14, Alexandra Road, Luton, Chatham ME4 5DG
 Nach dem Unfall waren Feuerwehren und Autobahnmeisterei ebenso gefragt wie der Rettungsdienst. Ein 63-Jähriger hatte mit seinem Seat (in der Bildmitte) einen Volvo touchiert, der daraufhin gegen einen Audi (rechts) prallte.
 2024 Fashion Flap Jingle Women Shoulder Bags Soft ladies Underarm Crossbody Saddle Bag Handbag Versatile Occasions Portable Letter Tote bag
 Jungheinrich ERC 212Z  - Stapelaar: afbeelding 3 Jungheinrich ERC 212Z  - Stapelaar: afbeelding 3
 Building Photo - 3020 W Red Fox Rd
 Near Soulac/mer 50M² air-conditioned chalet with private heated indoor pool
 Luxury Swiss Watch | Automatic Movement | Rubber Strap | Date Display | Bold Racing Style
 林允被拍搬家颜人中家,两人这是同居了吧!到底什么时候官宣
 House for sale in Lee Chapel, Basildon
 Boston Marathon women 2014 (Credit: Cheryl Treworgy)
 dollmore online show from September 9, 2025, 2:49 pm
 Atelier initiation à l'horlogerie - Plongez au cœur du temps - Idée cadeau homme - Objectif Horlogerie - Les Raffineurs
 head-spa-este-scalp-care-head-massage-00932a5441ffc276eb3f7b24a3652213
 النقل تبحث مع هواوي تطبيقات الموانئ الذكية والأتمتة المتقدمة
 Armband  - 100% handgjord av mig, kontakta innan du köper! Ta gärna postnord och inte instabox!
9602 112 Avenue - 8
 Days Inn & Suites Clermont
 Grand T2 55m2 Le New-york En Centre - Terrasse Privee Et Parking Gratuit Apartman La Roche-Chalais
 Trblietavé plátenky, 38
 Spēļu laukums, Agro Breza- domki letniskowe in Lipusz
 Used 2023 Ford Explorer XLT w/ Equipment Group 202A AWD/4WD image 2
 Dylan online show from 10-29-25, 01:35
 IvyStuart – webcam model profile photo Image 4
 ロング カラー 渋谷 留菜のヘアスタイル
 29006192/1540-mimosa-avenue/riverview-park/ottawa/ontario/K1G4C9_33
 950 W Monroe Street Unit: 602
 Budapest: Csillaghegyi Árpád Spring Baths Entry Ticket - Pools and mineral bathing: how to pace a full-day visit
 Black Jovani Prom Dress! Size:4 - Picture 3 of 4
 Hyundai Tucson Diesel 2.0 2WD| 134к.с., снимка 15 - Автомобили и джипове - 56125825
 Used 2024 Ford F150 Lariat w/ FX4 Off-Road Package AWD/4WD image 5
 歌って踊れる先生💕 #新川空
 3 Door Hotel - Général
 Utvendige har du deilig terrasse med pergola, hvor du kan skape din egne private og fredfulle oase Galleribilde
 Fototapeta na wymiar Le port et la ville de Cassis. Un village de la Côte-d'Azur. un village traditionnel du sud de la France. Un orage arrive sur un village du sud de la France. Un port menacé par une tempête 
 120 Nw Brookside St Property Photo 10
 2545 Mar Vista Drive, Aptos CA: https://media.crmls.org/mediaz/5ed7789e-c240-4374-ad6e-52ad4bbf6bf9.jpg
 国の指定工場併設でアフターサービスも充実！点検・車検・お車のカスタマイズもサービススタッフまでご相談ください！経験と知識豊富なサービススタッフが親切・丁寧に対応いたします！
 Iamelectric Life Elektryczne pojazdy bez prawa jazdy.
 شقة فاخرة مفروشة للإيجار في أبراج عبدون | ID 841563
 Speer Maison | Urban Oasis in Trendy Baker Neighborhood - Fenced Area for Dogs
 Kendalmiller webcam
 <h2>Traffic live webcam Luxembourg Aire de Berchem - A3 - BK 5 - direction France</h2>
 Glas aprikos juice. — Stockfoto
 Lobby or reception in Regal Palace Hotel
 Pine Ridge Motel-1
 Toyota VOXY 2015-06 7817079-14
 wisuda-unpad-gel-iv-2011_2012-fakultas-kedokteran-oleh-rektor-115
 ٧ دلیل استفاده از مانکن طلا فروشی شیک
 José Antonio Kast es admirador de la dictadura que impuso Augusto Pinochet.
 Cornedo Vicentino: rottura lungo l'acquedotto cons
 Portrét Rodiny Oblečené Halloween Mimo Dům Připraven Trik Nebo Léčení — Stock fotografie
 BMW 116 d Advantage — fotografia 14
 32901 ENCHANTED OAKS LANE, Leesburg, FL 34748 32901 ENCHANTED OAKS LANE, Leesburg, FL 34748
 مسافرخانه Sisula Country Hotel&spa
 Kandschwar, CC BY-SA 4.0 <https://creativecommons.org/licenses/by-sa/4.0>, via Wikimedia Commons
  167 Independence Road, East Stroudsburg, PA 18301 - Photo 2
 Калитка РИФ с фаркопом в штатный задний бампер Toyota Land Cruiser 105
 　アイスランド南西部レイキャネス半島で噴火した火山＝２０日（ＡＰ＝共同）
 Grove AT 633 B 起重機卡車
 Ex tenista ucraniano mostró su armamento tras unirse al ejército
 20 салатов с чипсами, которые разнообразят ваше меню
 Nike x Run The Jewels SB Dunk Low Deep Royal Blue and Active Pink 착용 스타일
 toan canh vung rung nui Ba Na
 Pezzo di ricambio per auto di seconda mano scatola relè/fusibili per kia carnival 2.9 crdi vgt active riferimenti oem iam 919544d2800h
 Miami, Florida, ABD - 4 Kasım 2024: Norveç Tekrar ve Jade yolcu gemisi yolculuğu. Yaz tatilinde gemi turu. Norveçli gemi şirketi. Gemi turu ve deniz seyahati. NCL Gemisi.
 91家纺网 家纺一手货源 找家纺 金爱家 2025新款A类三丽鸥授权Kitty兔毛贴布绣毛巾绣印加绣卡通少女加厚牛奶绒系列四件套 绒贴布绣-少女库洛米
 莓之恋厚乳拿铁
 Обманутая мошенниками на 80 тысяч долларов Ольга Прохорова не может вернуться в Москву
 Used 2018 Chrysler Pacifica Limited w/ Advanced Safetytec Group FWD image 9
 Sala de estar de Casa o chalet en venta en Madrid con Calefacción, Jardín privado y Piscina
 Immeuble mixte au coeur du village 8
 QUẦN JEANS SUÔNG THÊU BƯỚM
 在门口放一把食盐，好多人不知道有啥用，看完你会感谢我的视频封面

• [Work instruction] The full listing above is to be transcribed exactly.

• [Problem solution]
14, Alexandra Road, Luton, Chatham ME4 5DG
 Nach dem Unfall waren Feuerwehren und Autobahnmeisterei ebenso gefragt wie der Rettungsdienst. Ein 63-Jähriger hatte mit seinem Seat (in der Bildmitte) einen Volvo touchiert, der daraufhin gegen einen Audi (rechts) prallte.
 2024 Fashion Flap Jingle Women Shoulder Bags Soft ladies Underarm Crossbody Saddle Bag Handbag Versatile Occasions Portable Letter Tote bag
 Jungheinrich ERC 212Z  - Stapelaar: afbeelding 3 Jungheinrich ERC 212Z  - Stapelaar: afbeelding 3
 Building Photo - 3020 W Red Fox Rd
 Near Soulac/mer 50M² air-conditioned chalet with private heated indoor pool
 Luxury Swiss Watch | Automatic Movement | Rubber Strap | Date Display | Bold Racing Style
 林允被拍搬家颜人中家,两人这是同居了吧!到底什么时候官宣
 House for sale in Lee Chapel, Basildon
 Boston Marathon women 2014 (Credit: Cheryl Treworgy)
 dollmore online show from September 9, 2025, 2:49 pm
 Atelier initiation à l'horlogerie - Plongez au cœur du temps - Idée cadeau homme - Objectif Horlogerie - Les Raffineurs
 head-spa-este-scalp-care-head-massage-00932a5441ffc276eb3f7b24a3652213
 النقل تبحث مع هواوي تطبيقات الموانئ الذكية والأتمتة المتقدمة
 Armband  - 100% handgjord av mig, kontakta innan du köper! Ta gärna postnord och inte instabox!
9602 112 Avenue - 8
 Days Inn & Suites Clermont
 Grand T2 55m2 Le New-york En Centre - Terrasse Privee Et Parking Gratuit Apartman La Roche-Chalais
 Trblietavé plátenky, 38
 Spēļu laukums, Agro Breza- domki letniskowe in Lipusz
 Used 2023 Ford Explorer XLT w/ Equipment Group 202A AWD/4WD image 2
 Dylan online show from 10-29-25, 01:35
 IvyStuart – webcam model profile photo Image 4
 ロング カラー 渋谷 留菜のヘアスタイル
 29006192/1540-mimosa-avenue/riverview-park/ottawa/ontario/K1G4C9_33
 950 W Monroe Street Unit: 602
 Budapest: Csillaghegyi Árpád Spring Baths Entry Ticket - Pools and mineral bathing: how to pace a full-day visit
 Black Jovani Prom Dress! Size:4 - Picture 3 of 4
 Hyundai Tucson Diesel 2.0 2WD| 134к.с., снимка 15 - Автомобили и джипове - 56125825
 Used 2024 Ford F150 Lariat w/ FX4 Off-Road Package AWD/4WD image 5
 歌って踊れる先生💕 #新川空
 3 Door Hotel - Général
 Utvendige har du deilig terrasse med pergola, hvor du kan skape din egne private og fredfulle oase Galleribilde
 Fototapeta na wymiar Le port et la ville de Cassis. Un village de la Côte-d'Azur. un village traditionnel du sud de la France. Un orage arrive sur un village du sud de la France. Un port menacé par une tempête 
 120 Nw Brookside St Property Photo 10
 2545 Mar Vista Drive, Aptos CA: https://media.crmls.org/mediaz/5ed7789e-c240-4374-ad6e-52ad4bbf6bf9.jpg
 国の指定工場併設でアフターサービスも充実！点検・車検・お車のカスタマイズもサービススタッフまでご相談ください！経験と知識豊富なサービススタッフが親切・丁寧に対応いたします！
 Iamelectric Life Elektryczne pojazdy bez prawa jazdy.
 شقة فاخرة مفروشة للإيجار في أبراج عبدون | ID 841563
 Speer Maison | Urban Oasis in Trendy Baker Neighborhood - Fenced Area for Dogs
 Kendalmiller webcam
 <h2>Traffic live webcam Luxembourg Aire de Berchem - A3 - BK 5 - direction France</h2>
 Glas aprikos juice. — Stockfoto
 Lobby or reception in Regal Palace Hotel
 Pine Ridge Motel-1
 Toyota VOXY 2015-06 7817079-14
 wisuda-unpad-gel-iv-2011_2012-fakultas-kedokteran-oleh-rektor-115
 ٧ دلیل استفاده از مانکن طلا فروشی شیک
 José Antonio Kast es admirador de la dictadura que impuso Augusto Pinochet.
 Cornedo Vicentino: rottura lungo l'acquedotto cons
 Portrét Rodiny Oblečené Halloween Mimo Dům Připraven Trik Nebo Léčení — Stock fotografie
 BMW 116 d Advantage — fotografia 14
 32901 ENCHANTED OAKS LANE, Leesburg, FL 34748 32901 ENCHANTED OAKS LANE, Leesburg, FL 34748
 مسافرخانه Sisula Country Hotel&spa
 Kandschwar, CC BY-SA 4.0 <https://creativecommons.org/licenses/by-sa/4.0>, via Wikimedia Commons
  167 Independence Road, East Stroudsburg, PA 18301 - Photo 2
 Калитка РИФ с фаркопом в штатный задний бампер Toyota Land Cruiser 105
 　アイスランド南西部レイキャネス半島で噴火した火山＝２０日（ＡＰ＝共同）
 Grove AT 633 B 起重機卡車
 Ex tenista ucraniano mostró su armamento tras unirse al ejército
 20 салатов с чипсами, которые разнообразят ваше меню
 Nike x Run The Jewels SB Dunk Low Deep Royal Blue and Active Pink 착용 스타일
 toan canh vung rung nui Ba Na
 Pezzo di ricambio per auto di seconda mano scatola relè/fusibili per kia carnival 2.9 crdi vgt active riferimenti oem iam 919544d2800h
 Miami, Florida, ABD - 4 Kasım 2024: Norveç Tekrar ve Jade yolcu gemisi yolculuğu. Yaz tatilinde gemi turu. Norveçli gemi şirketi. Gemi turu ve deniz seyahati. NCL Gemisi.
 91家纺网 家纺一手货源 找家纺 金爱家 2025新款A类三丽鸥授权Kitty兔毛贴布绣毛巾绣印加绣卡通少女加厚牛奶绒系列四件套 绒贴布绣-少女库洛米
 莓之恋厚乳拿铁
 Обманутая мошенниками на 80 тысяч долларов Ольга Прохорова не может вернуться в Москву
 Used 2018 Chrysler Pacifica Limited w/ Advanced Safetytec Group FWD image 9
 Sala de estar de Casa o chalet en venta en Madrid con Calefacción, Jardín privado y Piscina
 Immeuble mixte au coeur du village 8
 QUẦN JEANS SUÔNG THÊU BƯỚM
 在门口放一把食盐，好多人不知道有啥用，看完你会感谢我的视频封面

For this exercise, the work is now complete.